Понятие о гармонии у героев, таким образом, едино, равно как и отношение к страданиям детей в мире как к чему-то нетерпимому, недопустимому и лишающему жизнь всякого смысла. Но Иван приходит от данной посылки к бунту против Бога, признанию неактуальности, бесполезности и даже вредоносности Христовой истины и, по собственной неумолимой логике, к отказу от жизни вообще («мне бы только до тридцати лет дотянуть, а там – кубок об пол!» - 14; 239). Митя же после своего трагического сна пробуждается обновленный, преисполненный новых жизненных сил.
Сюжет о «дите» прямо соотносится и с другим символическим сном романа, видением Алеши Каны Галилейской, и тоже, как и он, означает заключенный завет – в данном случае, со страдающим русским народом. Окончательный ответ на экзистенциальные вопрошания Ивана и Дмитрия дается в эпилоге, когда Алеша основывает братство (то есть гармоническое единство) на слезах и страданиях умершего ребенка, Илюши Снегирева, – на светлой памяти о нем, объединяя в любви друг к другу и к Богу его бывших мучителей. Но, в отличие от Дмитрия, Алеша – реалист-созидатель, не спешащий с окончательным торжеством, знающий о неизбежном распаде этого союза и жестоком искушении жизнью его участников.
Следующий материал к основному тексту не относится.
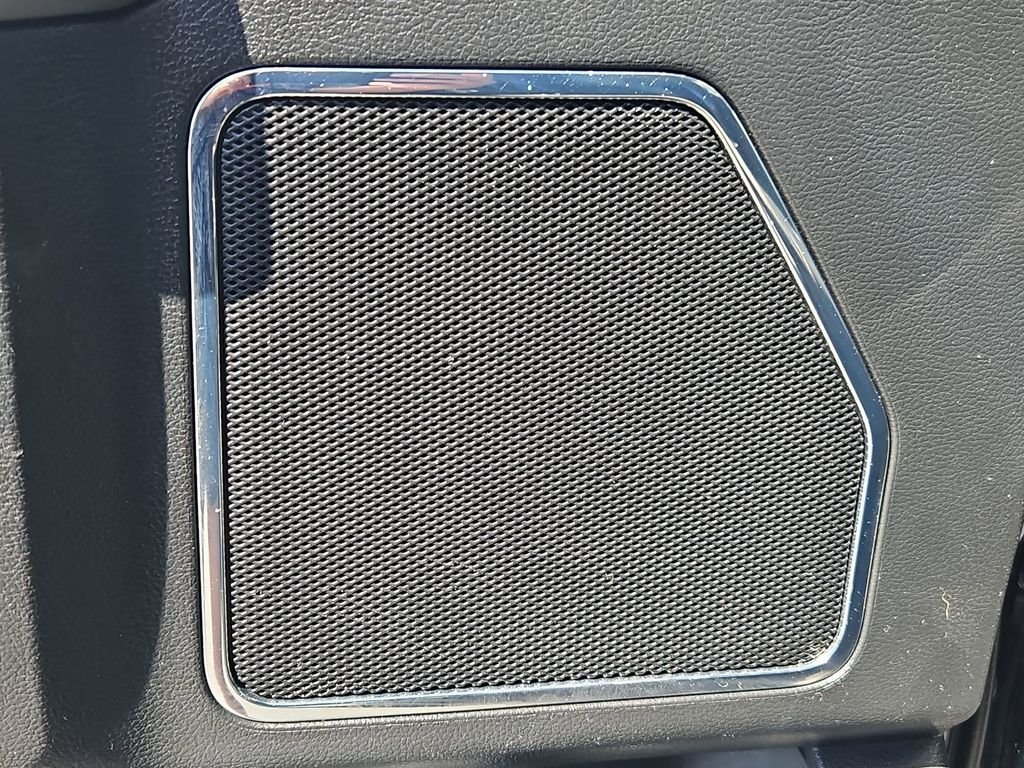 Used 2018 Black Ford Platinum image 12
Тем не менее он, умудренный духовным опытом старца Зосимы, верит, что сие воспоминание западет в их души и со временем «принесет много плода».
Райская гармония является высшим идеалом для героев пятикнижия Достоевского, который представляется героям зримо и воплощается в образе одновременно художественном, мифологическом и религиозном. При этом библейский земной рай, Эдем, в котором жили первые люди до грехопадения, соединяется в сознании героев Достоевского с образом античного золотого века. По художественной философии «пятикнижия», смутное воспоминание о блаженстве первых дней мироздания заложено от рождения в душу каждого человека и постоянно проявляется: с одной стороны, в горечи при мысли о недоступности рая и своей отторгнутости от него, а с другой – в предвкушении его нового обретения. Чаяние райской гармонии изображается писателем как самая сокровенная и святая мечта человечества, без которой оно не смогло бы прожить и дня: «Мечта, самая невероятная из всех, какие были, которой все человечество, всю свою жизнь отдавало все свои силы, для которой всем жертвовало, для которой умирали на крестах и убивались пророки, без которой народы не хотят жить и не могут даже и умереть». («У Тихона» 11; 21).
Образ гармонии рисуется Достоевским во всех романах «пятикнижия», причем в каждом последующем романе он воплощается все четче, но наиболее полное воплощение приобретает в фантастическом видении «Сна смешного человека». Некоторым героям даже удается ощутить ее во всей полноте, пусть только на короткий миг, и тогда они начинают верить в нее больше, чем в реальность повседневности. Князь Мышкин, постигающий гармонию в миг ослепительного озарения перед припадком, когда он испытывает «неслыханное и негаданное дотоле чувство полноты, меры, примирения и восторженного молитвенного слития с самым высшим синтезом жизни» (8; 188). Кириллов даже наяву секундами ощущает «присутствие вечной гармонии, совершенно достигнутой». «Это... это не умиление, а только так, радость. Вы не прощаете ничего, потому что прощать уже нечего. Вы не то что любите, о – тут выше любви! Всего страшнее, что так ужасно ясно и такая радость. Если более пяти секунд – то душа не выдержит и должна исчезнуть. В эти пять секунд я проживаю жизнь…» (10; 450).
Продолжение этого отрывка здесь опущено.